Sixto había ido con Marina a la tienda y al encontrarse con Silverio que salía, este le invitó a que los acompañara en el coche porque le podrían dejar en casa, ya que Magdalena —a quien ellos iban a visitar— vivía en la misma calle que él.

En el trayecto se mostró locuaz, algo habitual en él, y le pidió a Silverio que animara a Marina a posar.

—No es mucho esfuerzo o pérdida de tiempo, con dos o tres sesiones tengo suficiente —les dijo Sixto—. Siempre que pienso en inmortalizarla en un cuadro la veo como Adele, la hermosa mujer pintada por Klimt. Claro que ya quisiera yo semejarme, aunque fuese un poquito, al conspicuo pintor austriaco. Aunque algo sí tenemos en común: la pasión por la pintura y por la belleza femenina. No me interpreten mal, mi pasión es platónica.

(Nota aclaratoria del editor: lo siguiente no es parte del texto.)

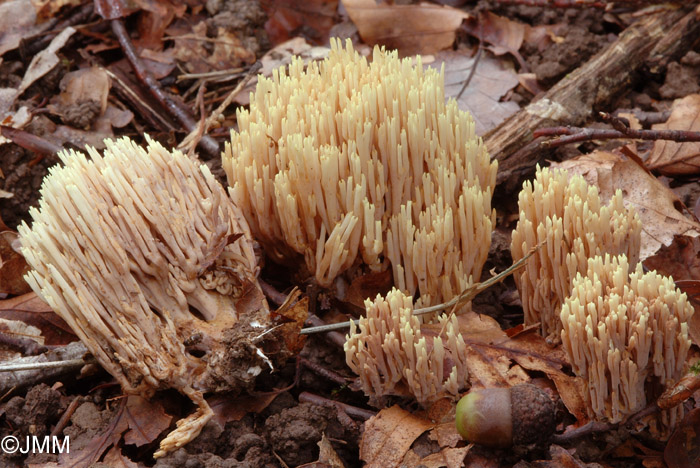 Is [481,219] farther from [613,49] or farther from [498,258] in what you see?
[613,49]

Marina desconoce todo de Klimt, pero algo en la forma de expresarse de Sixto la lleva a pensar que existe un doble sentido en lo que ha dicho. En cuanto llegue a casa le preguntará a Rosita.

—Sí que es agradable Sixto —corrobora Marina— y, además, creo que buen profesor.

—Brindemos por nosotros, Marina, por nuestro amor, por la felicidad de poder estar juntos. Seguro que vendrán días difíciles, pero disfrutemos al máximo de estos momentos y guardémoslos en nuestro corazón.

—Es precioso lo que dices. Te quiero, Silverio.

Marina se acerca a su marido y le besa levemente en la boca.